もちろん、与えられた仕事をこなすのは大事です。でも、評価される人は、そこから少しだけはみ出します。
- 困っている同僚を手伝う
- 「これもやっておきましょうか」と提案する
- 言われる前に、必要なことに気づいて動く
この「少しのはみ出し」が、評価を分けます。評価する側は、「指示通りに動く人」より「自分で考えて動く人」を高く評価します。
特徴③:「できない理由」を先に言う
評価されない人は、新しいことを頼まれたとき、「できない理由」から入ります。
「時間がないので無理です」 「やったことがないのでできません」 「それは難しいと思います」
もちろん、本当に無理なこともあります。でも、評価される人は、まず「どうすればできるか」を考えます。

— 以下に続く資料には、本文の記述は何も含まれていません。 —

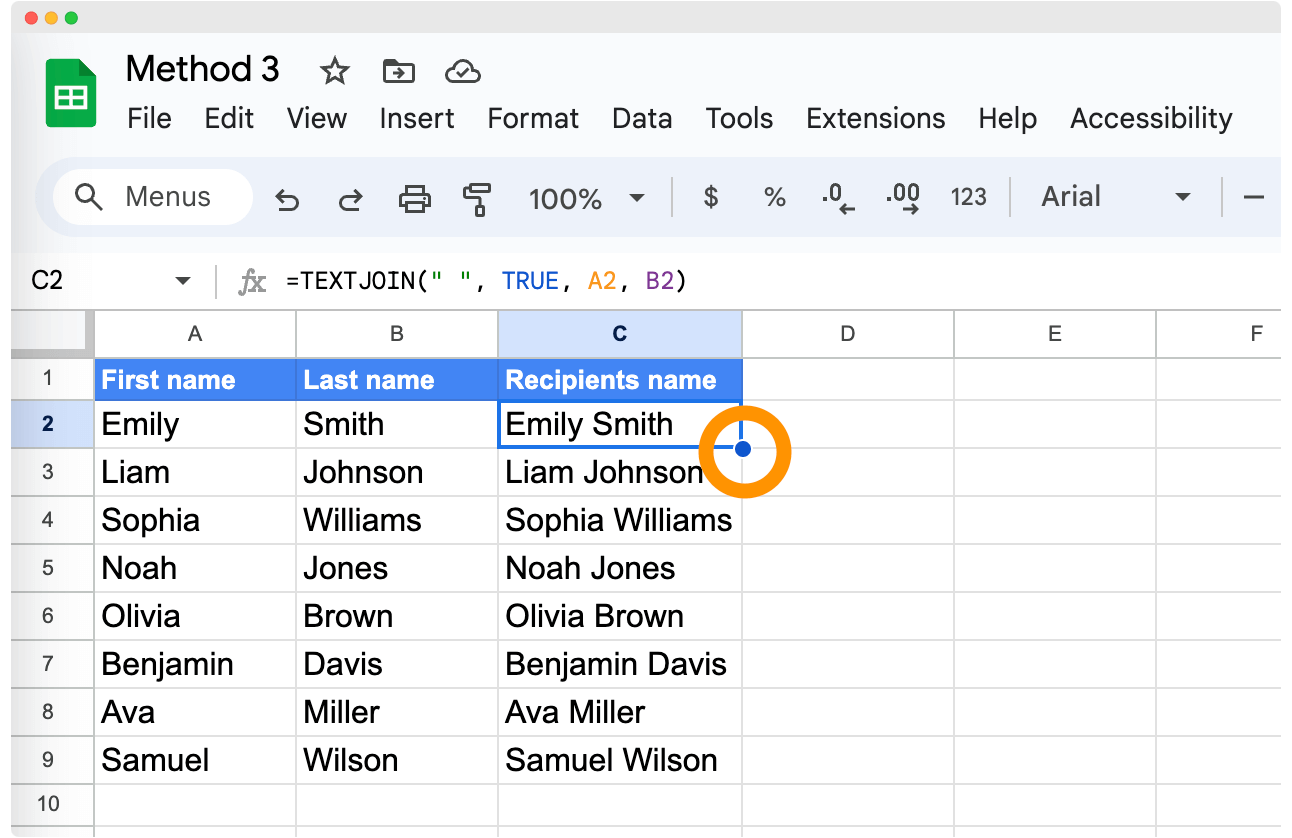 Extending the TEXTJOIN formula through cells to combine first and last name in Google Sheets.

「今は時間がないですが、来週なら対応できます」 「やったことはないですが、調べてやってみます」 「この部分は難しいですが、ここまでならできます」
同じ「できない」でも、伝え方で印象がまったく変わります。「できない理由」を並べる人より、「できる方法」を探す人が評価されるのは、当然のことです。
特徴④:「フィードバックを受け入れない」
評価されない人は、フィードバックや指摘を受けたとき、言い訳や反論から入ります。
「でも、それは○○だったので」 「自分は悪くないです」 「そういうつもりじゃなかったんです」
指摘を素直に受け止められない人は、成長が止まります。そして、評価する側も「この人に言っても変わらない」と感じ、だんだん何も言わなくなります。
一方、評価される人は、フィードバックを「成長の機会」として受け止めます。
「ご指摘ありがとうございます。次から気をつけます」 「なるほど、その視点はなかったです」
素直にフィードバックを受け入れて改善する人は、確実に成長するし、評価する側も「育てがいがある」と感じます。
特徴⑤:「周りへの影響」を考えない
評価されない人は、自分のことだけを考えがちです。
自分の仕事さえ終わればいい。チーム全体がどうとか、他のメンバーがどうとかは、あまり気にしない。

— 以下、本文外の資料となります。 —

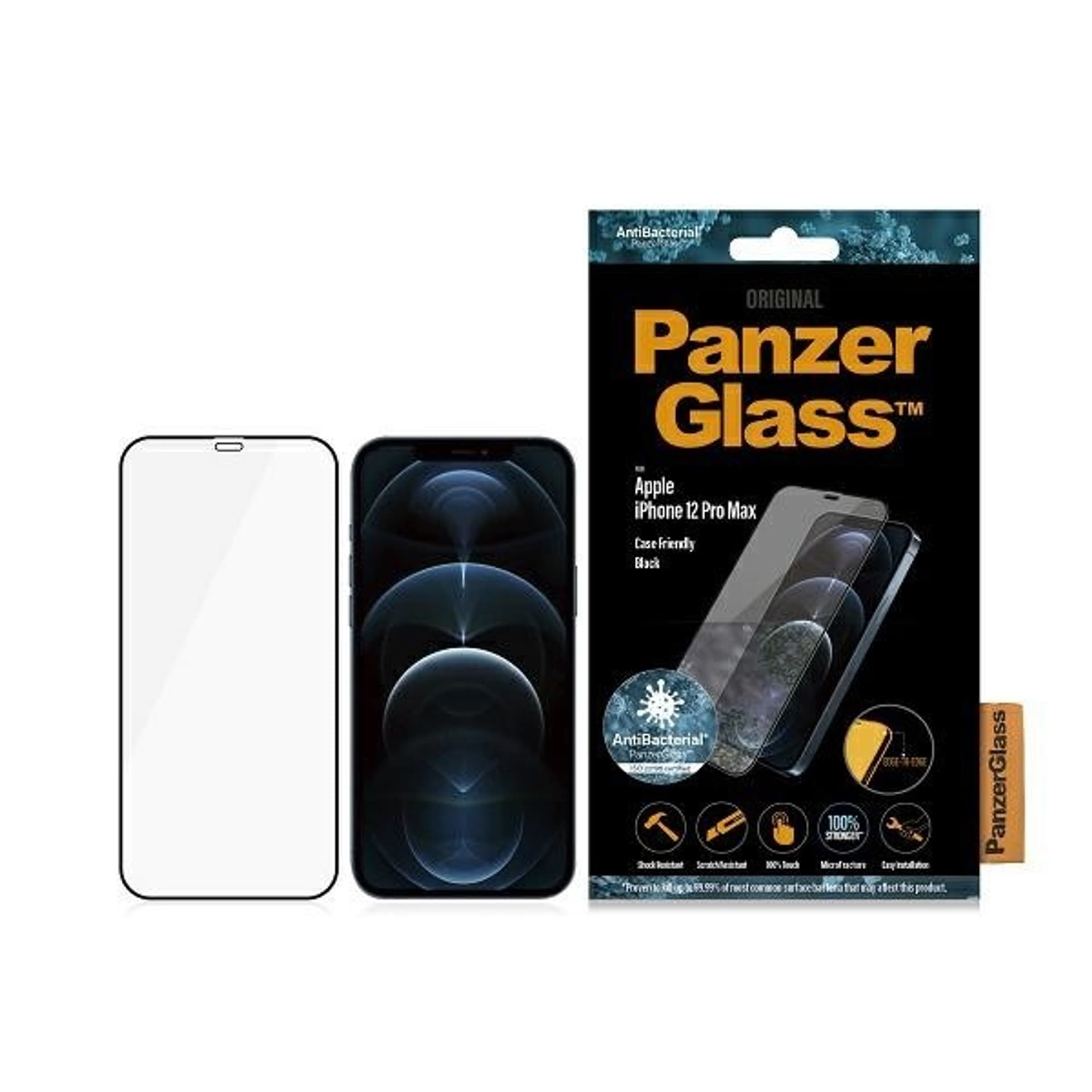 

PanzerGlass E2E Super+ iPhone 12 Pro Max Case Friendly AntiBacterial Microfracture czarny/black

でも、評価される人は「チーム全体への影響」を考えて動きます。
- 自分の作業が遅れると、誰に影響するか
- 自分の情報共有不足で、誰が困るか
- 自分が手伝うことで、チーム全体がどう良くなるか
特にチームで働く運用保守では、「周りへの影響を考えられる人」の価値は高い。評価する側は、チーム全体を見ているので、こういう視点を持つ人を高く評価します。
「評価されない」は、改善できる
ここまで5つの特徴を挙げてきましたが、気づいたことがあると思います。
どれも、能力ではなく「行動」の問題です。
- 報告をしない
- できることしかやらない
- できない理由を先に言う
- フィードバックを受け入れない
- 周りへの影響を考えない
これらは、意識すれば今日から変えられることばかりです。
「自分は評価されていない」と感じている人は、能力を上げる前に、まずこの5つを見直してみてください。能力はそのままでも、評価が変わる可能性は十分にあります。
評価する側になって思うこと
最後に、評価する側になって思うことを書きます。
評価する側は、「粗探し」をしたいわけではありません。むしろ、メンバーを正当に評価して、しっかり報いたいと思っています。
だからこそ、「いい仕事をしているのに、それが伝わってこない」メンバーがいると、もどかしい。

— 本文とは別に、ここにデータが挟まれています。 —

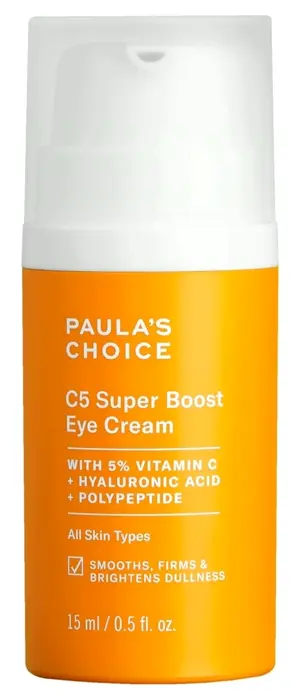 Paula's Selection C-5 Super Enhance Eye Cream with Vit C, Hyaluronic Acid & Peptides, for Swollen Eyes, Dark Circles, Fine Lines & Crow's Feet, 0.5 Fl Oz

評価されたいなら、まず「評価される行動」を意識する。そして、自分の頑張りが評価者に伝わるようにする。
それだけで、評価は大きく変わります。
まとめ
評価する側になって気づいた「評価されない人」の特徴をまとめます。
- 「報告」をしない → やっていることが伝わらない
- 「できること」しかやらない → 指示待ちで終わる
- 「できない理由」を先に言う → 後ろ向きな印象を与える
- 「フィードバックを受け入れない」 → 成長が止まる
- 「周りへの影響」を考えない → チームへの貢献が見えない
これらは全部、能力ではなく行動の問題です。だからこそ、意識すれば誰でも改善できます。
「評価されない」と感じている人は、ぜひ一度、自分の行動を振り返ってみてください。